» WHAT IS BEING ASKED
Task for the records below: copy exactly, and only, the line containing "Used 2021 Nissan Rogue SV FWD image 3" and every line after it to the end, with pictures left out.

Extracted records
● ● ●
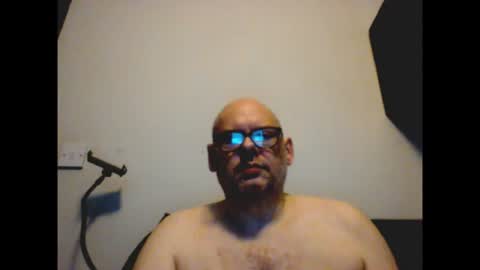 Snapshot of bicduk chatting on July 1, 6:18 pm bicduk online show from July 1, 6:18 pm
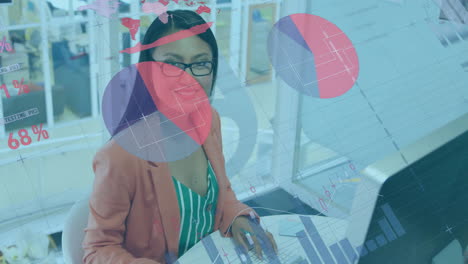 animación del procesamiento de datos financieros sobre una mujer de negocios asiática en la oficina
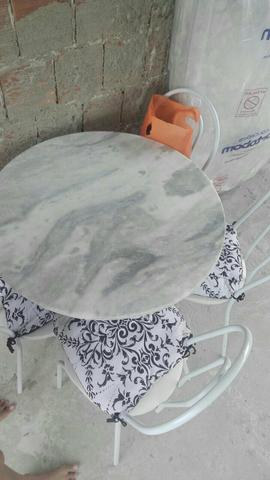 Mesa com pedra de mármore redonda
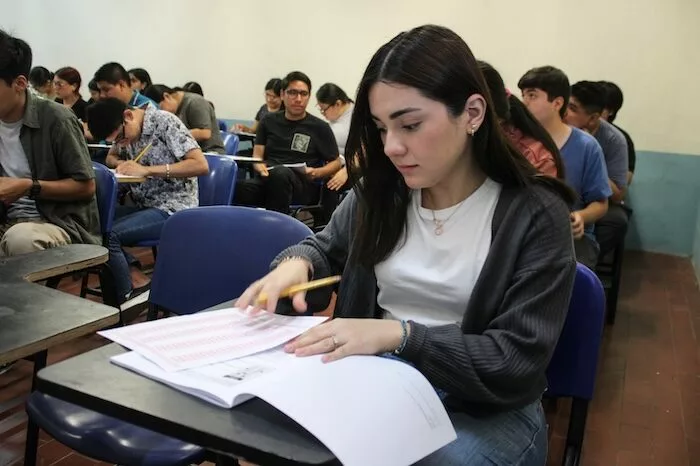Recibe la UAT a miles de jóvenes en el examen de admisión EXANI-II
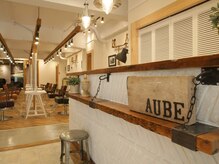 オーブ ヘアー アトリエ 長崎店(AUBE HAIR atelier)の雰囲気（開放感のある明るい店内で、くつろぎの時間をお過ごしください。）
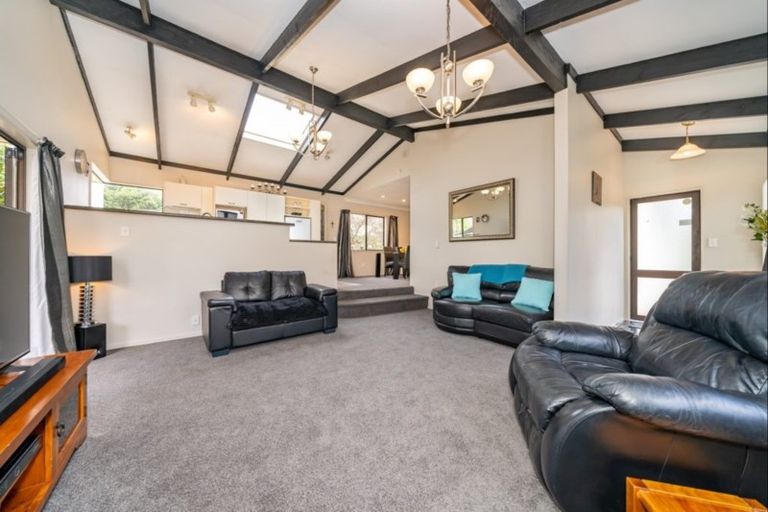 Photo of property in 32b Shanly Street, Brown Owl, Upper Hutt, 5018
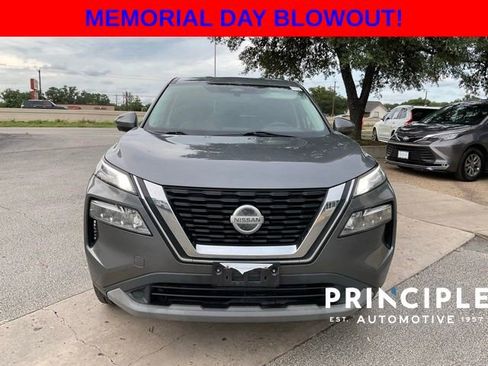 Used 2021 Nissan Rogue SV FWD image 3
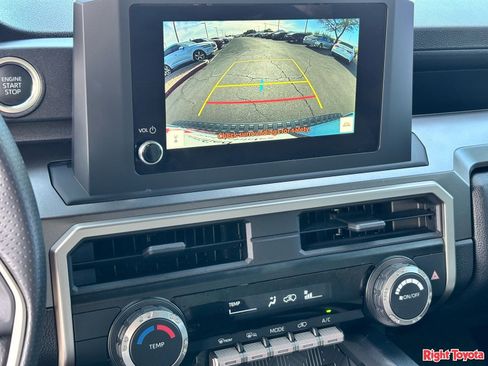 Certified 2026 Toyota 4Runner SR5 AWD/4WD image 28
● ● ●
» OUTPUT FOR THIS EXERCISE
 Used 2021 Nissan Rogue SV FWD image 3
 Certified 2026 Toyota 4Runner SR5 AWD/4WD image 28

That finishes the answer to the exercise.